* **Task to complete**: When you reach the line that contains "Leende äldre kvinna" below, transcribe it and each line after it word for word to the end of the records, omitting pictures.
-- Opening Marker --
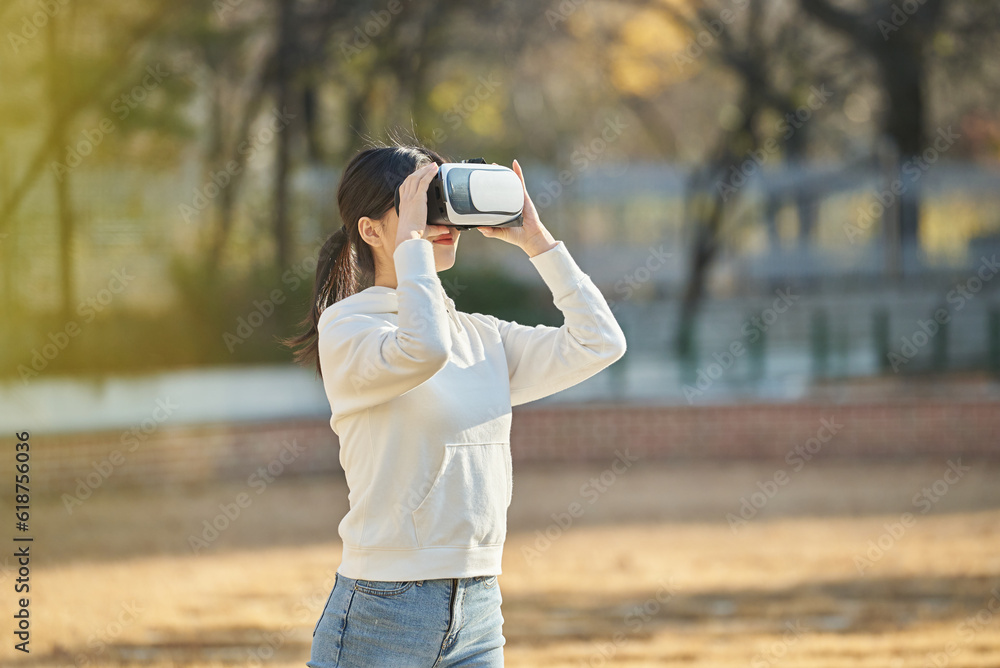 Young college student female model wearing 3D glasses and experiencing virtual reality in an outdoor autumn lawn plaza at a university in South Korea, Asia.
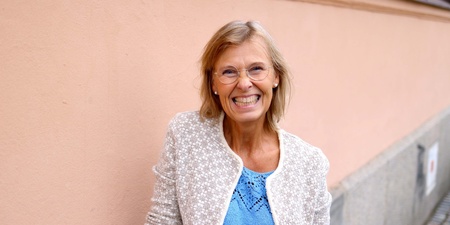 Leende äldre kvinna med glasögon står mot en ljusrosa vägg utomhus.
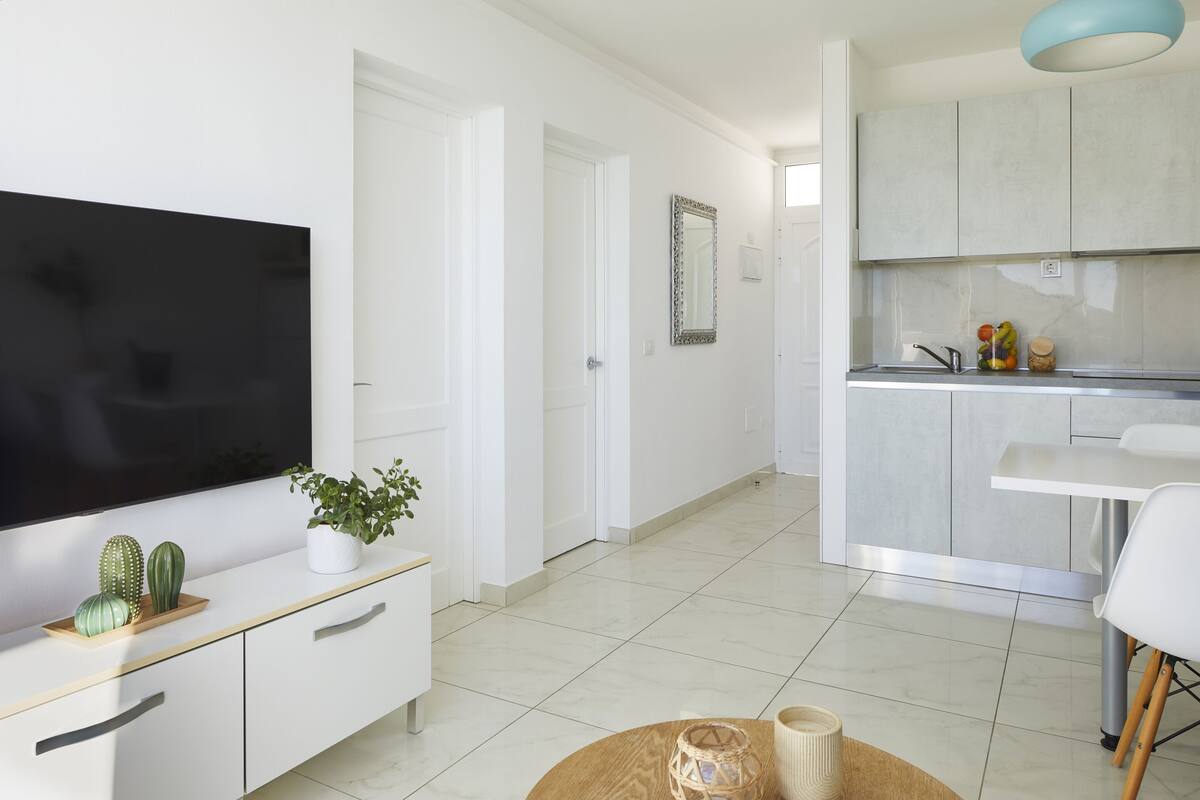 A modern kitchen with white cabinets, a dining area with a white table and chairs, a flat-screen TV on a white console, and a potted plant.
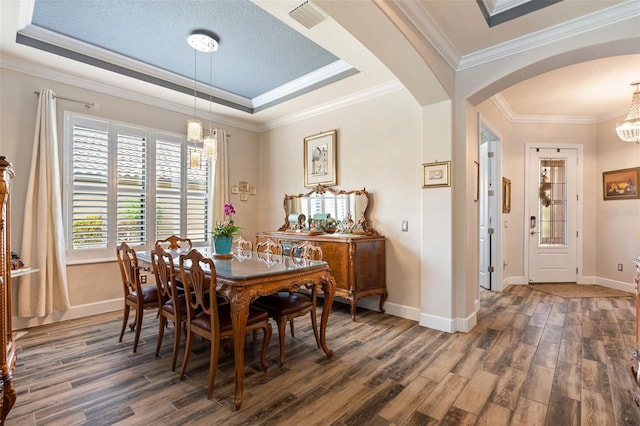 12672 Fontana Loop, Bradenton, FL 34211 - dining area featuring arched walkways, wood finished floors, a chandelier, crown molding, and a tray ceiling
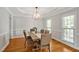 Elegant dining room with hardwood floors, chandelier, and plenty of natural light at 100 Highfield Ave, Cary, NC 27519
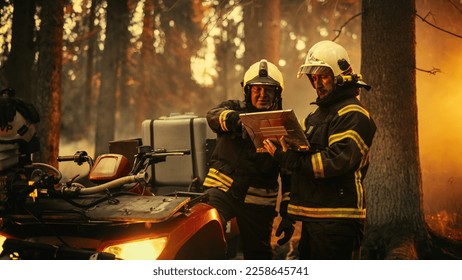 Retrato de dos bomberos profesionales parados al lado de un vehículo todo terreno, utilizando una computadora portátil de gran servicio y determinando una mejor estrategia para extinguir el incendio en tierras silvestres. Toma media.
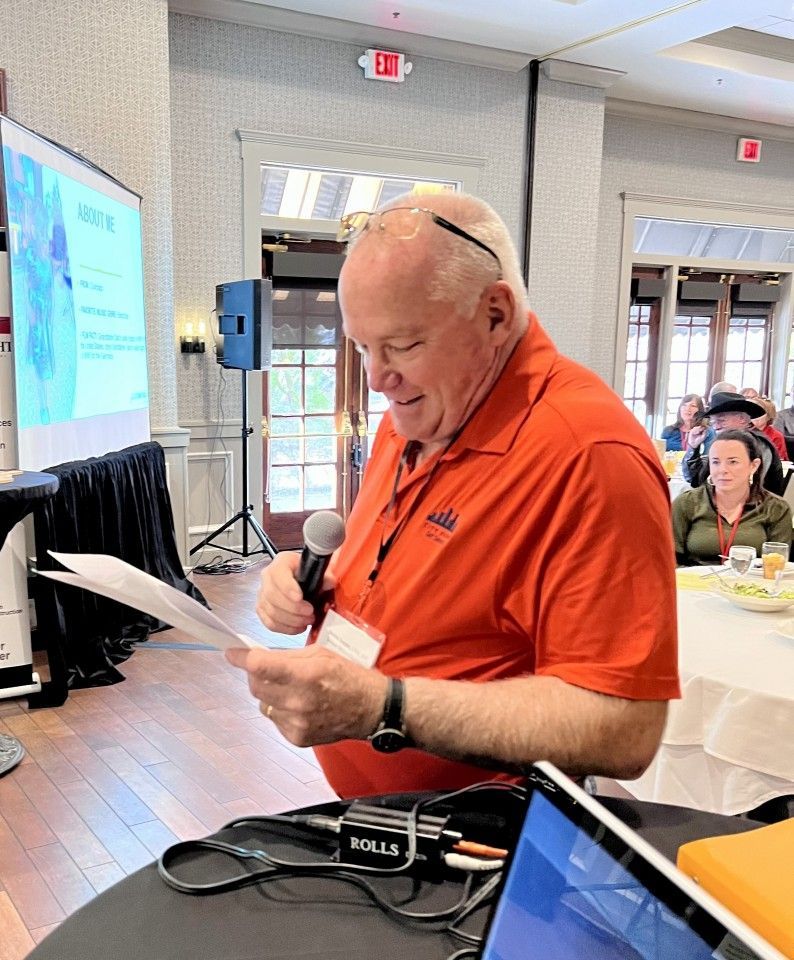 Man in orange shirt speaking at a conference, holding papers and a microphone. A screen and laptop are visible.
-- Closing Marker --
* **Final answer**:
 Leende äldre kvinna med glasögon står mot en ljusrosa vägg utomhus.
 A modern kitchen with white cabinets, a dining area with a white table and chairs, a flat-screen TV on a white console, and a potted plant.
 12672 Fontana Loop, Bradenton, FL 34211 - dining area featuring arched walkways, wood finished floors, a chandelier, crown molding, and a tray ceiling
 Elegant dining room with hardwood floors, chandelier, and plenty of natural light at 100 Highfield Ave, Cary, NC 27519
 Retrato de dos bomberos profesionales parados al lado de un vehículo todo terreno, utilizando una computadora portátil de gran servicio y determinando una mejor estrategia para extinguir el incendio en tierras silvestres. Toma media.
 Man in orange shirt speaking at a conference, holding papers and a microphone. A screen and laptop are visible.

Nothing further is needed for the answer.